C’est une avancée majeure pour un secteur longtemps jugé à bout de souffle. En République démocratique du Congo, le Conseil supérieur de la magistrature a, à travers un communiqué de service publié le mardi 14 octobre courant, l’alignement à la paie de 2500 nouveaux magistrats, nommés depuis le mois de mars dans le corps judiciaire.
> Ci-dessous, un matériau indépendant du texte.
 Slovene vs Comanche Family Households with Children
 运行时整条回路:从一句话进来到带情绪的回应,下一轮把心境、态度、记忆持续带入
Une mesure saluée par les acteurs du secteur comme un pas concret vers une justice plus équitable, mieux dotée et véritablement indépendante.
Le ministère du Budget, en collaboration avec le Conseil supérieur de la magistrature (CSM), a supervisé cette opération qui permettra désormais à ces nouveaux magistrats, fraîchement intégrés dans la carrière, de percevoir leurs salaires à travers la Rawbank, établissement choisi pour la domiciliation des paiements. Une initiative qui s’inscrit dans la logique de transparence et de modernisation de la gestion publique, prônée par le gouvernement.
« Il s’agit d’un geste fort du chef de l’État, garant du bon fonctionnement des institutions, en faveur de l’indépendance réelle du pouvoir judiciaire », confie un membre du Conseil supérieur de la magistrature.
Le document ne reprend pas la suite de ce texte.